*** Opening Listed entries ***

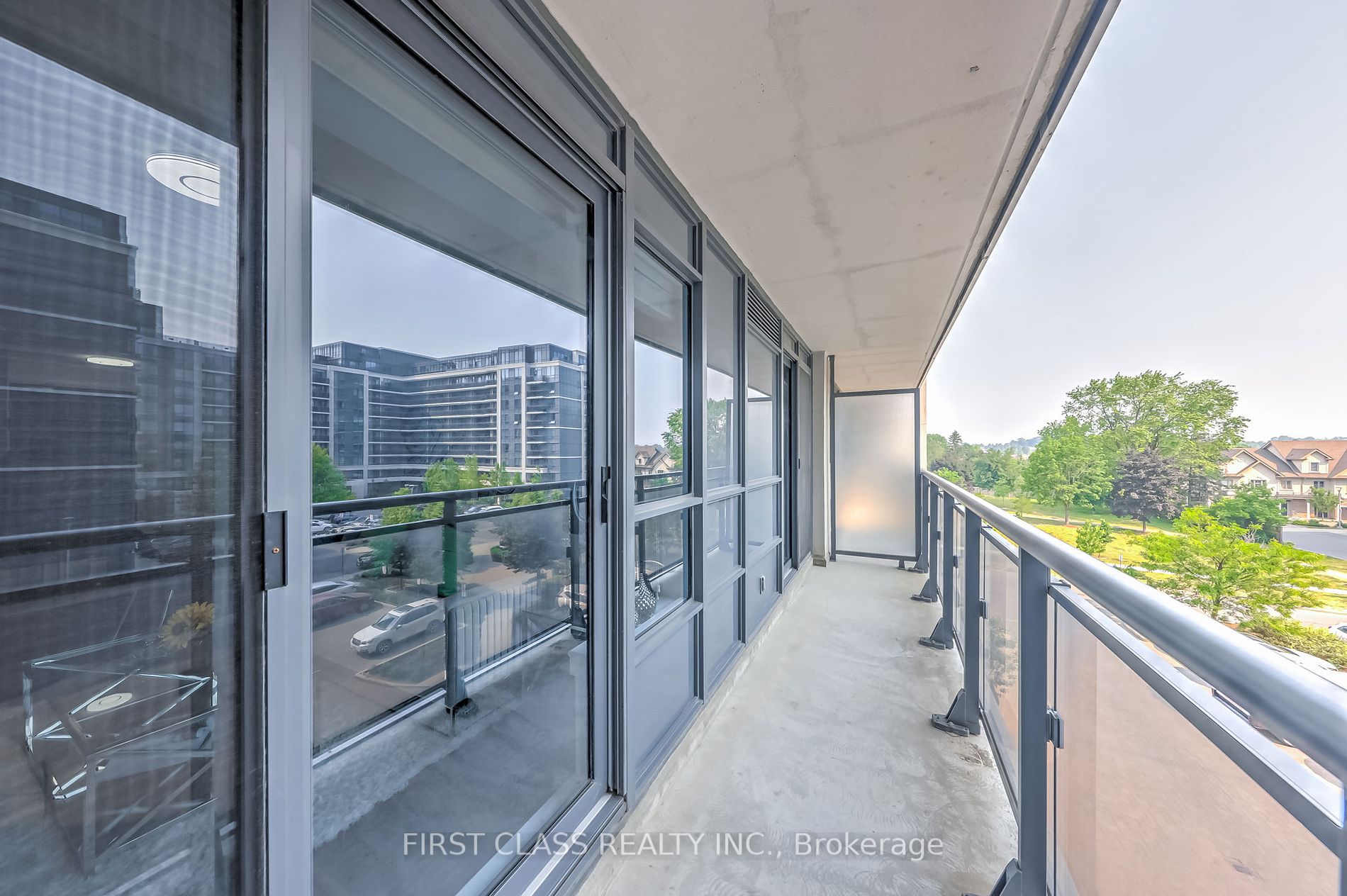 370 Highway 7 Rd E, #528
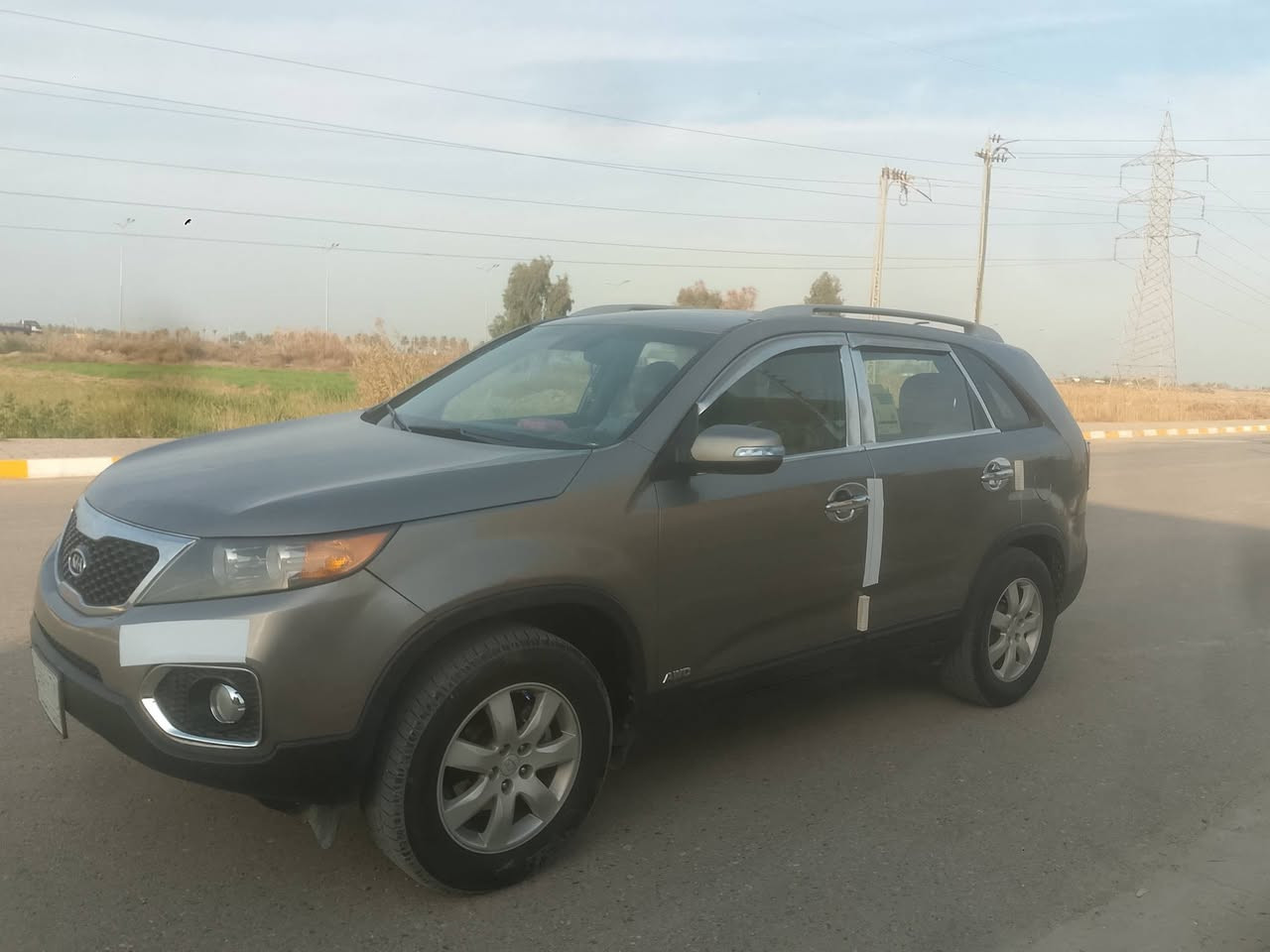 السلام عليكم اخوان كيا سورنتو موديل 11 واراد امريكي بدون لا حادث ولا ضرر مكينه دوش 2400دوش خوان االسياره خير من الله حداديه تخم تاير وحداديه خير من الله التبريد قطعتين العنوان لانبار السيارة مراوس باقل الاتصال. السعر(135). اتصال ***********
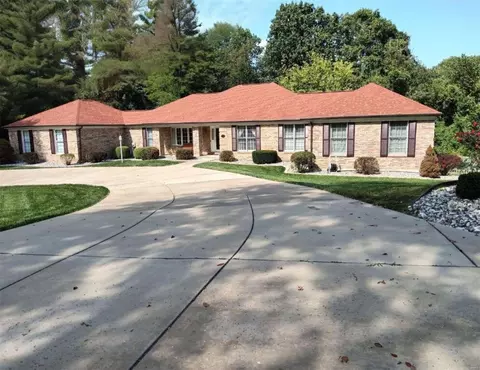 3821 Pointe Forest Dr, Florissant, MO 63034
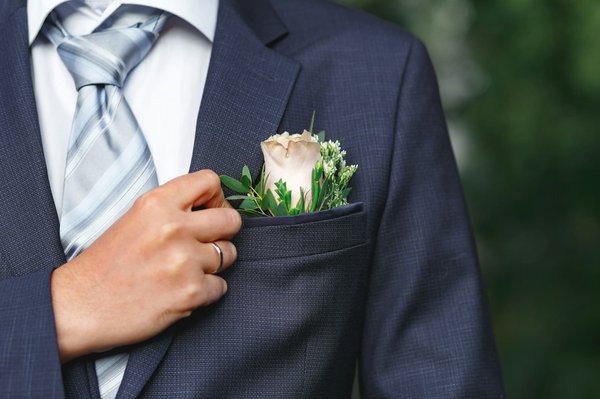 Comment choisir la boutonnière de mariage homme qui complète votre tenue ?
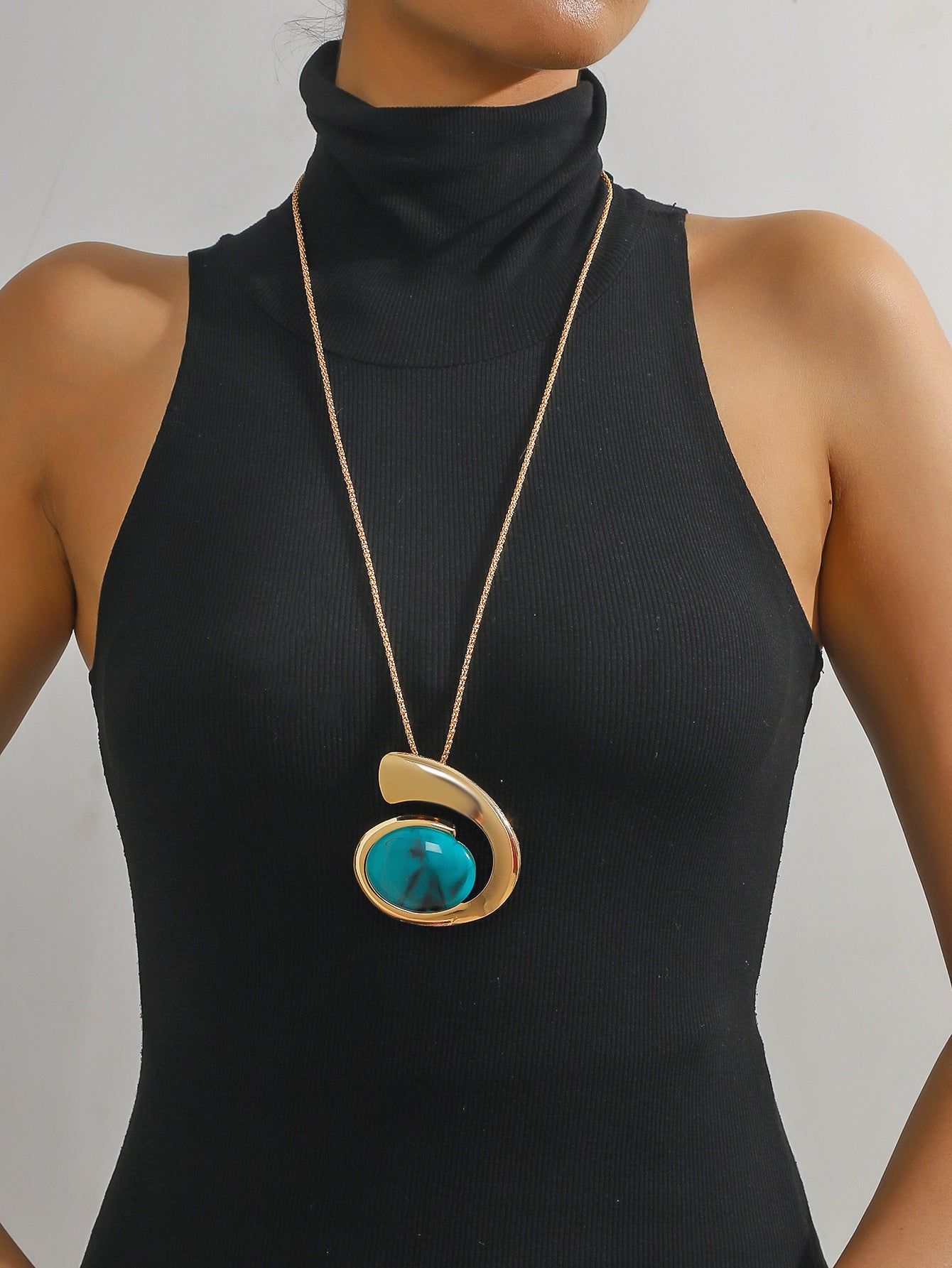 Wholesale Exaggerated alloy turquoise necklace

*** Closing Listed entries ***

### Task
From the line containing "Comment choisir la" to the final line of the entries, both included, transcribe every line exactly, omit the pictures, and add nothing more.

### Task solution
 Comment choisir la boutonnière de mariage homme qui complète votre tenue ?
 Wholesale Exaggerated alloy turquoise necklace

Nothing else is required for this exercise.